Born to a long lineage of artists of the Santa Clara pueblo, Garcia find
importance in creating art and expressing his own message. Jason Garcia, also
known as Turtle Mountain (Okuu Pin), is a Tewa from Santa Clara, New Mexico.
Garcia’s work is Native art that expresses Native life in the modern world
through the popular form of graphic novels. Taking the traditional form of
southwest pottery and creating graphic novel tiles is just the beginning of the
ground breaking combination of traditional and contemporary that is the basis
of Garcia’s work. Though Garcia has been in Madison, Wisconsin and travelling
for the last couple of years, his work is tied to his home, the Santa Clara
Pueblo. Most of Garcia’s work has been in clay, yet he is also known for his
printmaking. The main message of Garcia’s art is the modern style of the Native
scene while holding onto culture and tradition – not losing the message of the
past while moving forward.
Representation of his home is central to his art and
expression. The scenery of many of his pieces is the Santa Clara Pueblo or
similar to the landscape of Garcia’s home. Having begun his potterymaking
approximately twenty years ago, Garcia has mastered the traditional art of
Santa Clara clay making and forming. He works exclusively with the clay from
his home and traditionally fires the pieces outdoors. Garcia uses traditional
means to create and prepare his clay for each piece he creates. He gathers
materials from his home area and works only by hand, purposely leaving his
fingerprints in each clay work he does. He is deeply involved and connected to
his creations, thus creating his art the same way his family and Nation has for
many years.
Garcia likes to use a mix of traditional and
contemporary symbols within his work. This represents the mix between tradition
and contemporary life in Native cultures. Garcia includes the traditional
symbol of a rain cloud in the background because of how significant water and
rain are to the survival and cultures of people in the Southwest United
States. Another of Garcia’s traditional
symbols is featured in a series of work. The Corn Maiden (featured in the
Edgewood Gallery) is a Hopi legend of springtime and harvest. However, while
the Maiden wears her traditional ceremonial clothing, she is frequently acting
in a nontraditional setting. The Corn Maiden often is portrayed on a cellular
phone or in a very expensive sports car. She can be seen with friends or
observing the Santa Clara landscape while thinking about fast food and
contemporary icons. The contemporary symbol of the phone is particularly
important, as Garcia explains, as it represents lost connection and
communication. In nearly all the backgrounds of the Corn Maiden series, there
are small hints as to modern impacts on the traditional, beautiful landscape,
such as the satellite dish.
Garcia’s impeccable talent and enjoyable social
commentary through his art work is a great contemporary form of expression for
the Santa Clara Pueblo. Especially through his clay pottery and tiles, Garcia
converts a traditional art medium into a new, modern twist for Native art.

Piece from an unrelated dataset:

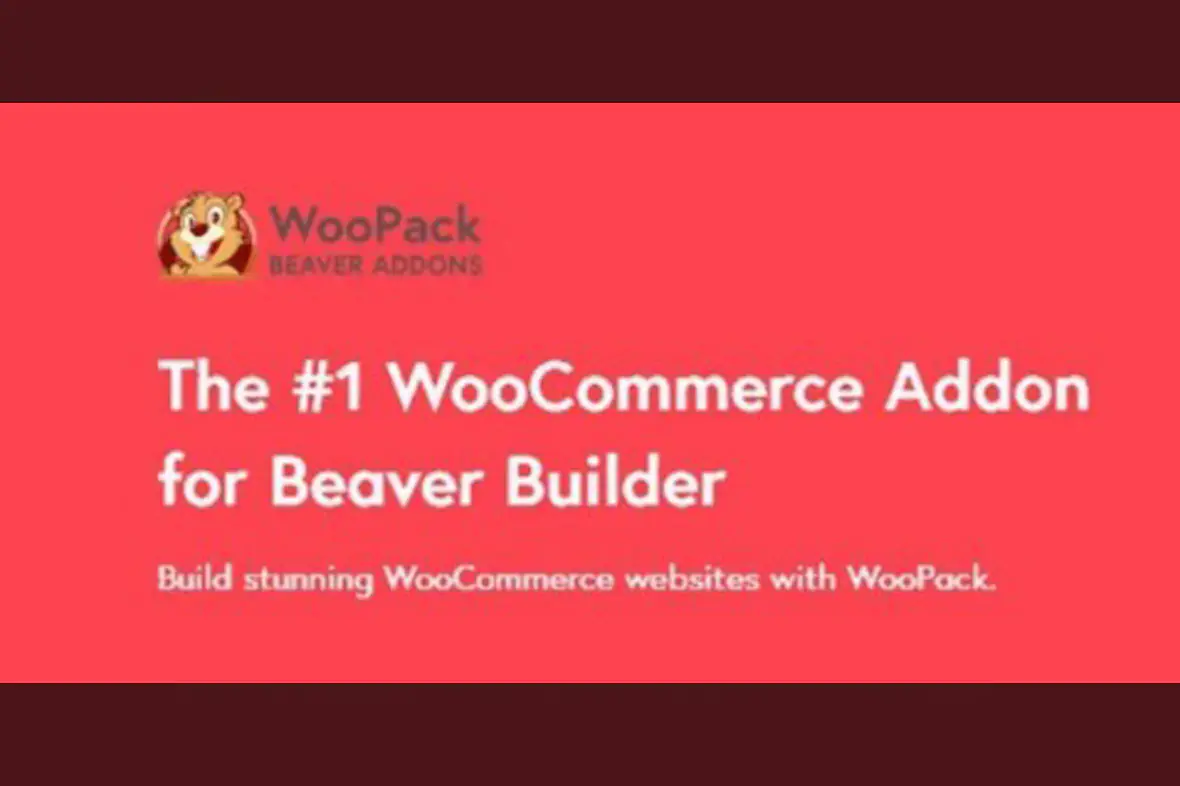 WooPack for Beaver Builder v1.5.8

Garcia’s message through his clay is important and reflects life as he and
other Native people experience it. His art represents more than a comic book
series and it is important for viewers to learn and understand the symbolism of
Garcia’s art – and that of other Native artists.
ANNE HERZBERG
Ho-Chunk photographer Tom Jones uses a modern medium
to capture photographs of mounds, petroglyphs, and “marker trees.” He emphasizes the importance of these
traditional art forms through his breathtaking photography. Unlike many past
photographers of traditional Native art and nature, he is not taking the
photographs to record a vanishing people, but rather to preserve and emphasize
the importance of these natural art forms.
Mounds,
petroglyphs, and marker trees are all Indigenous forms of visual expression.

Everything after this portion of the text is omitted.